It is not doing async writes. I think one of the reasons is that (at least in our situation) we need them… always… They cannot be lost. So they need to be written to some persistent store in a transaction. Sure something could be implemented that writes them to a local files store (quick) and some other process puts them async in the db. But then you also need some option to still retrieve them if the local storage crashes… etc… much more complicated then it looks at first sight. But if you have other cleaver ideas, let me (us know)

2) Imagine the situation, where user tasks (or more generically wait states e.g. waiting for async responses from certain external services) do not last very long and are completed in just a few milliseconds. This can be the case, where users are not humans, but other processes and can react very quickly. Right now, AFAIK, Activiti stores the state of the current execution into the DB and then waits. Once user task is completed (or waiting in a waiting state is over), Acitiviti would restore the process state from a DB and continue the execution. My profiler shows that these save/restore actions introduce quite some overhead and DB access contention if uses under heavy load and with many concurrent process instances being executed. Therefore, I was thinking about the following optimization:
Defer the DB writes for saving a state of process instances for a certain configurable amount of time (e.g. 1 second). If after this timeout, the user task (or wait state) are still waiting and not finished yet, flush those writes to the DB and proceed as usual. But if it finished in the meantime, then there is no need to store this state anymore and all related pending writes can be just ignored. And a restore operation just reuses the RAM versions of the process instance state. As a result, it makes Activiti usable under high load (and even for certain kinds of soft-real time apps).

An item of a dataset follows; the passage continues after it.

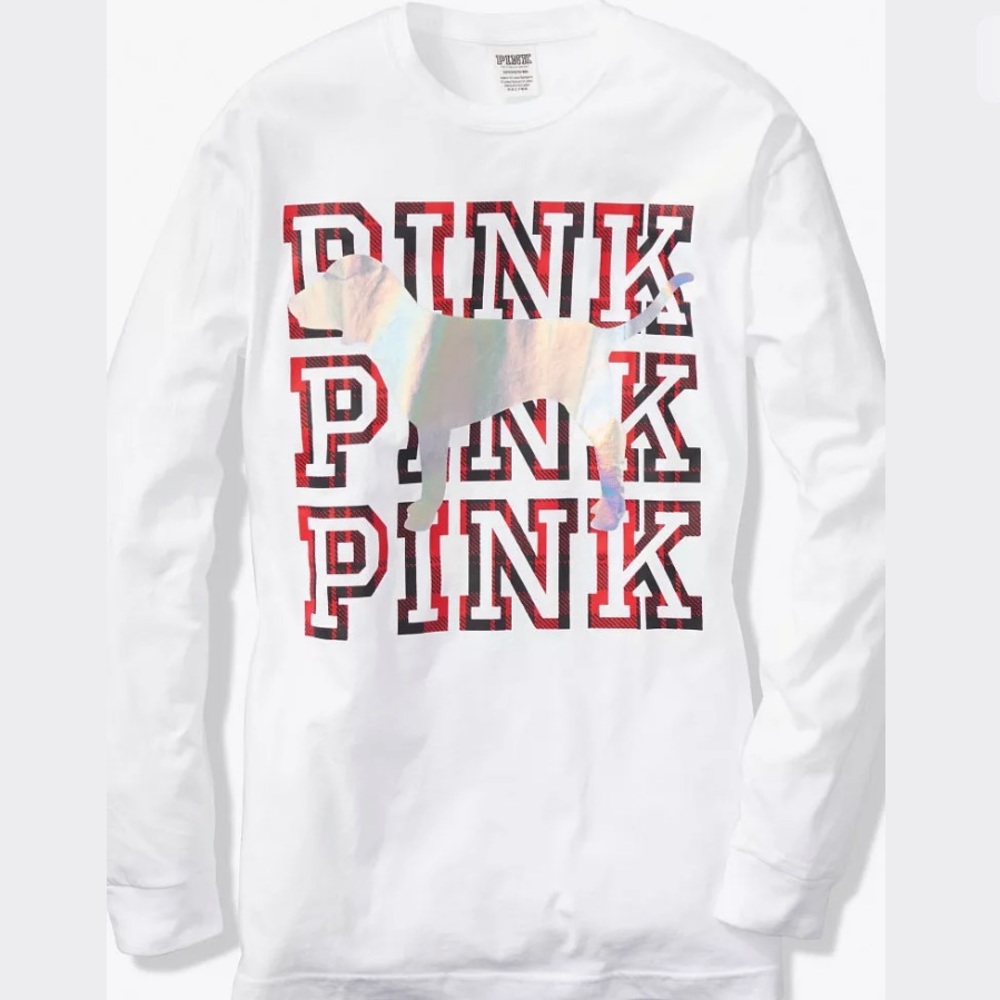 VS PINK BLING HOLIDAY PLAID LS CAMPUS CREW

Isn't this a kind of second level cache? Would (kind of) work for single node systems, but what if there are multiple nodes and other nodes could execute next steps in the process, so yes it might introduce issues unless you use something like teracotta. And wait states including user tasks (at least in our case) last way, way more than one second, so this would not yield much.

If they are short (as in your case, you might choose not to use waitstates and just use service taks so everything is done in one transaction (at least those are the things we take into account when developing a process) . You might need to increase the number of threads/connections though

Ronald, thanks a lot for your answers!

Few comments:

1)
If they are short (as in your case, you might choose not to use waitstates and just use service taks so everything is done in one transaction (at least those are the things we take into account when developing a process) . You might need to increase the number of threads/connections though

The idea of using service tasks would not scale if we speak about 1000s or 10000s of simultaneous, concurrent process instances, as it implies thread-per-request approach and may also lead to increased threads starvation (all of them just wait for results from external services). The only well-proven way to scale here is to use async approach, i.e. wait states in combination with suspend/resume for process instances.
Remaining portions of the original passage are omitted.